#### THE DATA ####
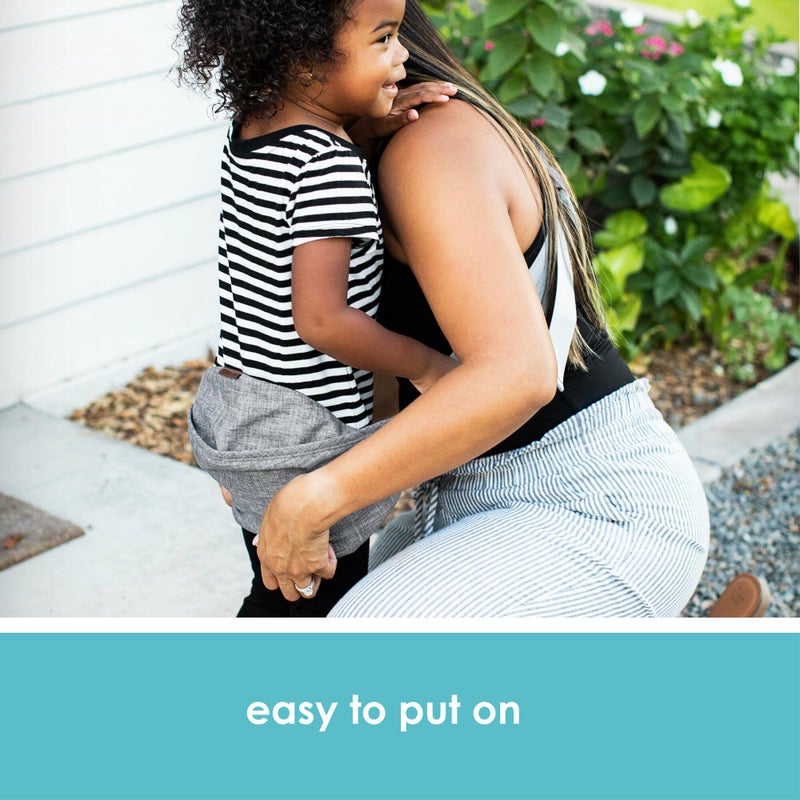 JJ Cole Sola Toddler Sling Carrier - Adjustable Toddler Carrier and Baby Sling - Baby Essentials - Ages 1 to 4 Years or 45 Pounds - Image 2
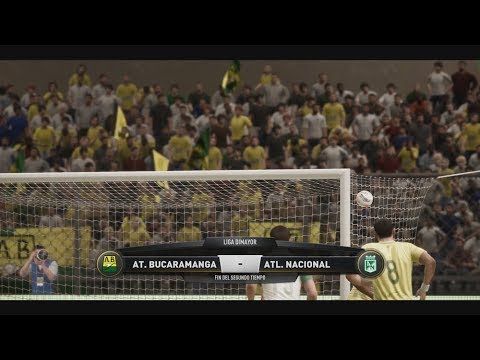 FIFA 18 - Resumen partido Apertura Colombia - At. Bucaramanga vs. Atl. Nacional - Alfonso López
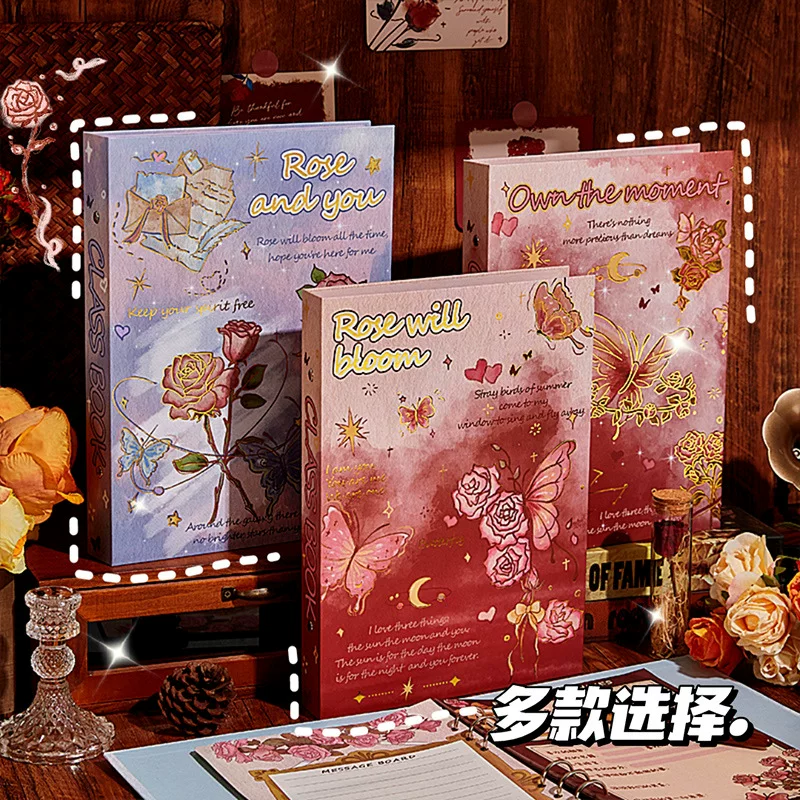 Розовый бабочка одноклассник Запись Девочки старшей школы-Pretty шестой класс колледж-экзамен выпускной сезон Одноклассники отношения запись руководство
####
— PROBLEM TO SOLVE —
In transcribing the listing, keep each word as it is and drop the pictures.

— WRITTEN ANSWER —
 JJ Cole Sola Toddler Sling Carrier - Adjustable Toddler Carrier and Baby Sling - Baby Essentials - Ages 1 to 4 Years or 45 Pounds - Image 2
 FIFA 18 - Resumen partido Apertura Colombia - At. Bucaramanga vs. Atl. Nacional - Alfonso López
 Розовый бабочка одноклассник Запись Девочки старшей школы-Pretty шестой класс колледж-экзамен выпускной сезон Одноклассники отношения запись руководство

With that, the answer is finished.